Basically, there are two ways in which a collaborator object can be replaced easily with a test double:
•create a new field in a MySut class of the MyCollaborator type, and
•either pass an object of the MyCollaborator class as the constructor’s argument, or via a setter method,
•or redesign myMethod() so it takes an object of the MyCollaborator class as one of it arguments.

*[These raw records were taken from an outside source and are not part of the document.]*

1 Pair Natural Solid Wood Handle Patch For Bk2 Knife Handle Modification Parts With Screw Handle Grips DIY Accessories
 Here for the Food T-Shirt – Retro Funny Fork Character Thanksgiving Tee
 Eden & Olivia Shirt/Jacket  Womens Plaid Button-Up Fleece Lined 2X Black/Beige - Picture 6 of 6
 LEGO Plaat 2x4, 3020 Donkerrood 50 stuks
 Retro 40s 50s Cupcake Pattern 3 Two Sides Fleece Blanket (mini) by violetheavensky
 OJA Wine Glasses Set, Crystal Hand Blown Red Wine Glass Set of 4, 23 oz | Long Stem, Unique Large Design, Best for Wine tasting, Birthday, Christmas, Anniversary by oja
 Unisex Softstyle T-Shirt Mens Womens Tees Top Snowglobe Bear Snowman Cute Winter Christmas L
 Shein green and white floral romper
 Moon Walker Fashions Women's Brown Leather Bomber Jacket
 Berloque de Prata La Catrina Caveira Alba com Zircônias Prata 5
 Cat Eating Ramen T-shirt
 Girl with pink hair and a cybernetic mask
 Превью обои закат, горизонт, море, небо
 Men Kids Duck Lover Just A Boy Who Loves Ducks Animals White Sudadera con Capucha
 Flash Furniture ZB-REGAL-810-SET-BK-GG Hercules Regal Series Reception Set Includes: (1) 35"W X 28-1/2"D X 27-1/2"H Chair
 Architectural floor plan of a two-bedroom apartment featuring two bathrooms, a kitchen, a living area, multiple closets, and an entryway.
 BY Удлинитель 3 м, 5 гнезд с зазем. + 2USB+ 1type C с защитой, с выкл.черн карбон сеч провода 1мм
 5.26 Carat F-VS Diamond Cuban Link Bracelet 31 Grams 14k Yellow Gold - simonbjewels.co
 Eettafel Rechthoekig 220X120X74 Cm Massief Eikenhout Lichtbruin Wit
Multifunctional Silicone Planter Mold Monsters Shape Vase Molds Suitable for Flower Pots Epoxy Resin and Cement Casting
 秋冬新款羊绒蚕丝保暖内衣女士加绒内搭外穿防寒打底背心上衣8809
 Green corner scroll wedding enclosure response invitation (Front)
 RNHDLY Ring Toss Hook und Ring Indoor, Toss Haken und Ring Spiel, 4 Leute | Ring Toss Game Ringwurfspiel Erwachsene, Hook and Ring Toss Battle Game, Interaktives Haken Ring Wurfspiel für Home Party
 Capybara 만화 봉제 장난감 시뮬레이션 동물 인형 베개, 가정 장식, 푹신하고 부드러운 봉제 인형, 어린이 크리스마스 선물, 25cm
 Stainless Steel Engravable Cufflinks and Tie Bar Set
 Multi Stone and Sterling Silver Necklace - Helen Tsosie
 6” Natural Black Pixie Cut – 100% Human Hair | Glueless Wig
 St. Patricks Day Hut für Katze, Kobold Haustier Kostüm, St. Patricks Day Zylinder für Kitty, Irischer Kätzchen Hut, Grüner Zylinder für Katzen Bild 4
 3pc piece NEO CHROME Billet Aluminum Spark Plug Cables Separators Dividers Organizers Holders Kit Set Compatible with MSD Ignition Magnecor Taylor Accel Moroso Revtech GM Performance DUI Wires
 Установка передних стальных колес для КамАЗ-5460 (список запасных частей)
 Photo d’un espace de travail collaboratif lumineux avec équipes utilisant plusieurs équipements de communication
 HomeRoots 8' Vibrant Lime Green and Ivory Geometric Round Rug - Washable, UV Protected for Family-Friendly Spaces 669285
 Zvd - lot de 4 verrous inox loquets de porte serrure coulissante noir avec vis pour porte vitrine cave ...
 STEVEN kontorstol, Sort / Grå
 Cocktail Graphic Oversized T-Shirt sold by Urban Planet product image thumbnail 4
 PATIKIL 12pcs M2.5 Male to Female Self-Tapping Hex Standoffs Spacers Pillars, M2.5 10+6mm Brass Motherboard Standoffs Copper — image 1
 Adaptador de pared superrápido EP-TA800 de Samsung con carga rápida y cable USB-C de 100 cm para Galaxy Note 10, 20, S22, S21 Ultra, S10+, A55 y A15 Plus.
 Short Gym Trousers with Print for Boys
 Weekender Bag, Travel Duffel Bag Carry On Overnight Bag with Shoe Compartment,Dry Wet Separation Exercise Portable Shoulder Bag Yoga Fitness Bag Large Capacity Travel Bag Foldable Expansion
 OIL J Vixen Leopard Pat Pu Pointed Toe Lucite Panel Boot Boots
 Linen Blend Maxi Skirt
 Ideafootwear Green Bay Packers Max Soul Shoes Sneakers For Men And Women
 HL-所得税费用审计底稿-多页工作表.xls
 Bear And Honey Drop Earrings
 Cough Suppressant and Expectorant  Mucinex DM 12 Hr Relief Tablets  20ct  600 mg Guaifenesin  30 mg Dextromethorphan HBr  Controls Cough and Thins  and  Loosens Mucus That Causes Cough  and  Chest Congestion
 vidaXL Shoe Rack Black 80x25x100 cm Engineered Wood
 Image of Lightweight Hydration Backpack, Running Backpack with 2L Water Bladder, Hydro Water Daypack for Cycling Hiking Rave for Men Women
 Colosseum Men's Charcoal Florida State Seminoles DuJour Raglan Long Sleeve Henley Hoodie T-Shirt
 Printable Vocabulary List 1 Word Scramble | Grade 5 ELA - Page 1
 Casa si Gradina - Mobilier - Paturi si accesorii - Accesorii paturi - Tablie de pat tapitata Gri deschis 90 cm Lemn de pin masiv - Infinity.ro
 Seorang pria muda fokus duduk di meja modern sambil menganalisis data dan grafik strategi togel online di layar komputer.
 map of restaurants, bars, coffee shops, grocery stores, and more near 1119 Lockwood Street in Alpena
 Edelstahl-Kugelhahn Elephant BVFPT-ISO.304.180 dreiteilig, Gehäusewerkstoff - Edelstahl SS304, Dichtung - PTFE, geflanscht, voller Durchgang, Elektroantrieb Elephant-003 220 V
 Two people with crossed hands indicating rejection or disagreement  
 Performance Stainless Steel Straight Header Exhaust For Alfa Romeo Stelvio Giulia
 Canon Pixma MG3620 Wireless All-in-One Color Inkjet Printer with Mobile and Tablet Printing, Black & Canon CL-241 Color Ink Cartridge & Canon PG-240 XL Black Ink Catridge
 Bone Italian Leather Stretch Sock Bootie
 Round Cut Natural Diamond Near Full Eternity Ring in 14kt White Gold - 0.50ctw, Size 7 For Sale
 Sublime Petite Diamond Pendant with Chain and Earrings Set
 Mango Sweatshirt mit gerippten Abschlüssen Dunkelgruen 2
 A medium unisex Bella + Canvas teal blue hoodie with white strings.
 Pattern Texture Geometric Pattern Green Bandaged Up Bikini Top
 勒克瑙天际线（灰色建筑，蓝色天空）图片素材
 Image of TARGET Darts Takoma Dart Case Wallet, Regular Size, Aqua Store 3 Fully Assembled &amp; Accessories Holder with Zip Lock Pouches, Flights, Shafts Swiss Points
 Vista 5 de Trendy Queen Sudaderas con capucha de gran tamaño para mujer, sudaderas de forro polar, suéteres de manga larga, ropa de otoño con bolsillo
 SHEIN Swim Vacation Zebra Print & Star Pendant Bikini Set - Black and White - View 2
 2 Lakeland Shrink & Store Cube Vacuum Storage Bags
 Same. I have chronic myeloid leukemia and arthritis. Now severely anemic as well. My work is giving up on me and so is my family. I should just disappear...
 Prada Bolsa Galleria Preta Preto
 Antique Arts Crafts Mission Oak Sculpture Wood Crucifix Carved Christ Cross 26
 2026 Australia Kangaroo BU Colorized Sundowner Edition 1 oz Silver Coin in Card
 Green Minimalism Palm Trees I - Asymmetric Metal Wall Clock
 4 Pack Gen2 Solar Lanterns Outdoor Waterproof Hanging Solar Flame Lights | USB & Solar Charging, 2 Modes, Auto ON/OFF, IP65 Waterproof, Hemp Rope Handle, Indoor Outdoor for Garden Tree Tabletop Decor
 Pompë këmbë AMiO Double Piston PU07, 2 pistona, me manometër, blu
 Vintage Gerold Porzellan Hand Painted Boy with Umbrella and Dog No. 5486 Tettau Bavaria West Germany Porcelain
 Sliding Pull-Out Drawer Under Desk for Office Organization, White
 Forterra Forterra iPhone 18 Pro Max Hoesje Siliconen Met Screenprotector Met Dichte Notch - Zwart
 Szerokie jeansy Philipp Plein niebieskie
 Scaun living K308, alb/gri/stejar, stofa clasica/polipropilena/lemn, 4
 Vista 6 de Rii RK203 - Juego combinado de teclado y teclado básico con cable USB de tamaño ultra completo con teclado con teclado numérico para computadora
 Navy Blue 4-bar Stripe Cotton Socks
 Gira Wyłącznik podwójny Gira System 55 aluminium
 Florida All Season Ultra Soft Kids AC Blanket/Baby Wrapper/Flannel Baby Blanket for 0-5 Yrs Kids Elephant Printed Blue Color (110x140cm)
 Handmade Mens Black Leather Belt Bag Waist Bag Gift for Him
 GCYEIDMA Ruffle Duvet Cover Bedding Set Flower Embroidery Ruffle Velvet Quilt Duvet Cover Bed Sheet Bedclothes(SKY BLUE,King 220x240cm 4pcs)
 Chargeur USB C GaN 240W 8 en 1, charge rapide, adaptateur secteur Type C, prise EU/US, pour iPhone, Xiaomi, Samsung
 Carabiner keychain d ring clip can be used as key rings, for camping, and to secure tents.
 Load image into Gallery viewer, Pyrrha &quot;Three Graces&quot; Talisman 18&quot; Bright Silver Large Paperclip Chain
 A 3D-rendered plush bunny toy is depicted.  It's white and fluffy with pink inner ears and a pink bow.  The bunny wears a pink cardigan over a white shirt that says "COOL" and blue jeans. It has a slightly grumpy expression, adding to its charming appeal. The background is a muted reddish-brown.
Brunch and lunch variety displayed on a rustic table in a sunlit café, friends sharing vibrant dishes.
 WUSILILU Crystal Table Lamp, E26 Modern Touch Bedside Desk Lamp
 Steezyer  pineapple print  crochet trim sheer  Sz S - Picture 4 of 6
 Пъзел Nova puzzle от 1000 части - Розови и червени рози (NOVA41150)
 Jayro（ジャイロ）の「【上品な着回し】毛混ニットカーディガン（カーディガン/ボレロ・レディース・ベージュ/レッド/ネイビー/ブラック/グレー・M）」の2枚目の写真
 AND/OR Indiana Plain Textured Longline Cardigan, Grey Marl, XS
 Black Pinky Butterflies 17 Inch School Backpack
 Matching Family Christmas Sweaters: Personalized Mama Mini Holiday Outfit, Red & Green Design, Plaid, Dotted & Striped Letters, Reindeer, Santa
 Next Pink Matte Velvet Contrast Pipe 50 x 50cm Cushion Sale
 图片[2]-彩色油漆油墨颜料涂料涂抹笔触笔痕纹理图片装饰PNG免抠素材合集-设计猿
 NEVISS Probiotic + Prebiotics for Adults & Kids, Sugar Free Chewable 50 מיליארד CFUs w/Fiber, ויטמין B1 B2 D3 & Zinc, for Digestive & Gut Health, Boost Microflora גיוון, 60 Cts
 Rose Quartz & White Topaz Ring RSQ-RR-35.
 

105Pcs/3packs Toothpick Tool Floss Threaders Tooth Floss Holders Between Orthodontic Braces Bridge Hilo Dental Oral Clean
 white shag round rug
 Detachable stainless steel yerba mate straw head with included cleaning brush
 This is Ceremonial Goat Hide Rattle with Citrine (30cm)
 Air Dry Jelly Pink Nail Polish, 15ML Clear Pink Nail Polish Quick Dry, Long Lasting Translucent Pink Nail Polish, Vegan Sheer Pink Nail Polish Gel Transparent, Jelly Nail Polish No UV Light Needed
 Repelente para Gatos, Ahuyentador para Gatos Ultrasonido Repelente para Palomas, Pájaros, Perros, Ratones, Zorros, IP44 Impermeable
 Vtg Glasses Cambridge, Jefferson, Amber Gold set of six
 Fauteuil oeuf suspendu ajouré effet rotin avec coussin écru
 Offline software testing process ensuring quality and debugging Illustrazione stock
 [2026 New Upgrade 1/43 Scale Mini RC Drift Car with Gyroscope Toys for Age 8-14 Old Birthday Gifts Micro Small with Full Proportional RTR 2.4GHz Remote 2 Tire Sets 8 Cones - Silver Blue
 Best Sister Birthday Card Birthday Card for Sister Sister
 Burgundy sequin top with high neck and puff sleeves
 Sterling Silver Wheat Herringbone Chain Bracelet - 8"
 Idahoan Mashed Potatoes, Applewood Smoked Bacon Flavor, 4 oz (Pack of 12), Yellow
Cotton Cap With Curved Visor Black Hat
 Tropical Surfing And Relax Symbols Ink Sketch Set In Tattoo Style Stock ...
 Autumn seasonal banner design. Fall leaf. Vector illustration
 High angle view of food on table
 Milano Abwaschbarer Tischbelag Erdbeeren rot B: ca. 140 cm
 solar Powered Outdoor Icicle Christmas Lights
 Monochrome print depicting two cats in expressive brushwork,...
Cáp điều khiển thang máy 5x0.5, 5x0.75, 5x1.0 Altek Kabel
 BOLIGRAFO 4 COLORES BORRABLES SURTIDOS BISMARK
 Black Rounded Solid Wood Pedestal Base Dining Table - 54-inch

No matter which option we choose, writing test code will then be a piece of cake. Listing 7.16 shows a refactored MySut class (with a constructor-injected collaborator), and Listing 7.17 shows a test written for this class.
Listing 7.16. MySut class with constructor-injected collaborator
public class MySut {
private final MyCollaborator collab;
public MySut(MyCollaborator collab) { this.collab = collab;
}
public void myMethod() {
// some behaviour worth testing here which uses collaborator
}
}
An object of the MyCollaborator class is provided by MySut's clients when they create objects of the MySut class.
No new operator is used within myMethod(). The collaborator object has been created outside of the MySut class and passed as a constructor parameter.
The myMethod() method does not deal with the creation of collaborators anymore. It uses a collab object of the MyCollaborator class, which is already available when myMethod() is executed.